I had a sub who at one time was terrible with her funds. I did not take over, but I did offer advice and promote getting her financial house in order.  We were "an item" for over a year.
One drawback occurred. When we went on a cross-country trip to a D/s event in a rental car, she needed a credit card to be authorized as a secondary driver. I obtained a credit card in her name as an authorized user much as a husband would for his wife in the vanilla world. Several months later, I received a credit card solicitation in her name at my mailing address. We never lived in the same county. As a result of her improved credit which included payment history on my card, she was able to get into a credit union and obtain her own credit card.
The ONLY time that I accepted funds from her was a contribution toward the expenses of the cross-country trip. It was her request. I spent that much toward her and more. To be honest, her contribution made the trip more comfortable as we were able to stay in better hotels. I also was able to purchase items at the D/s event that we would never have been able to budget otherwise.
One such item was a leather corset that she treasured for a couple of years.
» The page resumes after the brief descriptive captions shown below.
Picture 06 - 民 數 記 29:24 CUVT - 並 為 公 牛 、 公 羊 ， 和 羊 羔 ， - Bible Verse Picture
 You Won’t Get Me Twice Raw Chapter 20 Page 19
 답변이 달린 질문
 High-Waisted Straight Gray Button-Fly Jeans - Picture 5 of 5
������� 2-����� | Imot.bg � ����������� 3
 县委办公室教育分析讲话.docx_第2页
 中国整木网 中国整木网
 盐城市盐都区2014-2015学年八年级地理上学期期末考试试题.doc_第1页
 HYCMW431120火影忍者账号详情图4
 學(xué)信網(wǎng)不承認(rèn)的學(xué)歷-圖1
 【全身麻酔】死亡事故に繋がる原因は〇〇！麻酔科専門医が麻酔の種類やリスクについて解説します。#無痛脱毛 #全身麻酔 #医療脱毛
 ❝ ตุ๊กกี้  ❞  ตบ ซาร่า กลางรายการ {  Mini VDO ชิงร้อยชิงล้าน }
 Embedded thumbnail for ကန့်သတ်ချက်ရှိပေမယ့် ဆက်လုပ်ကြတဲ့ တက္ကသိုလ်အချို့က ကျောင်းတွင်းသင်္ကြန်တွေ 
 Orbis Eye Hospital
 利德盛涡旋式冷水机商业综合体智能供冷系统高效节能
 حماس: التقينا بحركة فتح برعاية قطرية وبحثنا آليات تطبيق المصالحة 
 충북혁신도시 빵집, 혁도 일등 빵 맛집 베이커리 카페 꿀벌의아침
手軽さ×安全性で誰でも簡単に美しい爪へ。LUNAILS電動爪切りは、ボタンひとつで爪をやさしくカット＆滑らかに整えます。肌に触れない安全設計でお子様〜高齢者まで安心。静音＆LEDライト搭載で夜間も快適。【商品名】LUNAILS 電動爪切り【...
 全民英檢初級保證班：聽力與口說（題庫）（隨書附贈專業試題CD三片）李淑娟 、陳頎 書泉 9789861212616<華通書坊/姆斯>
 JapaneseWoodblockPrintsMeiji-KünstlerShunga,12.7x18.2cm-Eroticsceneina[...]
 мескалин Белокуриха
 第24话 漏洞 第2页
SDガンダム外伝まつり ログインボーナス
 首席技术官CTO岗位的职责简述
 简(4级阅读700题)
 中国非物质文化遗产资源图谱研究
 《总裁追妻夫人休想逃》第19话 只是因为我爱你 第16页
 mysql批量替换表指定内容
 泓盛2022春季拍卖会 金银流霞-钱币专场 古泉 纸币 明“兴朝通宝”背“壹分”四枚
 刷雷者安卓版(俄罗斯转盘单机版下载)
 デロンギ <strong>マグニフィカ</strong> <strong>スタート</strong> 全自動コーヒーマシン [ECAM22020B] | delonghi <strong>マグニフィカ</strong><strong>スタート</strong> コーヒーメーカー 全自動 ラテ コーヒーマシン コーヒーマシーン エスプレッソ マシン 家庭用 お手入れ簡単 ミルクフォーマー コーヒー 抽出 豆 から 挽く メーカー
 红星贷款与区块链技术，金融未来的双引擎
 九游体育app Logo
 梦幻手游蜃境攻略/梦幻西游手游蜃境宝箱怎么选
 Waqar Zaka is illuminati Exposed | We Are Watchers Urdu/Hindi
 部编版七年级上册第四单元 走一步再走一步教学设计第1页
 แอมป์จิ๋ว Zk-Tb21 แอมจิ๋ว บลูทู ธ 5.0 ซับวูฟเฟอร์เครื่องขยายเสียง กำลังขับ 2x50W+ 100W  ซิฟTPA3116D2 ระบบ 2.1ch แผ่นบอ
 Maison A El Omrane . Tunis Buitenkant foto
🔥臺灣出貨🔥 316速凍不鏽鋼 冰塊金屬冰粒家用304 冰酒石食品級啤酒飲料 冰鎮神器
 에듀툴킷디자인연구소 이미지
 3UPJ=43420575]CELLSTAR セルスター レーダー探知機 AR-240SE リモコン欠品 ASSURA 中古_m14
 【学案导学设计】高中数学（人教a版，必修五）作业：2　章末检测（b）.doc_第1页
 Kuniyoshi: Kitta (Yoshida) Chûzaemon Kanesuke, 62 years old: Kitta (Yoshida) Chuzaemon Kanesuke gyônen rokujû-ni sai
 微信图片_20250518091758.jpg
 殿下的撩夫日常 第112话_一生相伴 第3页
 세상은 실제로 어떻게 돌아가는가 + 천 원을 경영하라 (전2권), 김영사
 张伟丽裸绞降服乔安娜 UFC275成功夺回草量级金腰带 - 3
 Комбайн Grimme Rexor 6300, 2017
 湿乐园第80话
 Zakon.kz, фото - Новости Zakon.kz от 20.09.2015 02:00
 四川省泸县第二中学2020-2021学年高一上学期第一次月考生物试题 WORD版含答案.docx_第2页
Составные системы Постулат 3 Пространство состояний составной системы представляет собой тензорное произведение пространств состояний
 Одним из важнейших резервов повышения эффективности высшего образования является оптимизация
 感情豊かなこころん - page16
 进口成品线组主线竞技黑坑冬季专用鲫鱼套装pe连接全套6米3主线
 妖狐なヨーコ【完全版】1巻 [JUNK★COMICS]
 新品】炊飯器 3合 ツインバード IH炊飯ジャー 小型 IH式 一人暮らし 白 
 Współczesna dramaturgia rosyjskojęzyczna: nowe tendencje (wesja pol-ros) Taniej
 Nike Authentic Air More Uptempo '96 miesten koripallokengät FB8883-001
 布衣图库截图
I think she finally wore it out.

=====================
Last year, I was in email and IM chat with a candidate asking for 24/7 Dom/slave relationship.  At the time, it was not practical for me due to vanilla world obligations.  I made the point that she would have to work and be responsible for her own finances.  She worked for a well known company in her home town in a job title that the same company often advertised as an open position in our metro area.  If she lived in my home, she could save much of her funds or paid down any credit debt, but I would have insisted on financial responsibility.  The main benefit of having her work would have been the employer provided benefits such as health insurance.  The candidate stated she thought it generous to allow her to keep any part of her earnings.  Another concern for me was she expected to be rented out.  I am NOT a pimp.  Anyone who obtains 24/7 in my life would be treasured too much for anything like that.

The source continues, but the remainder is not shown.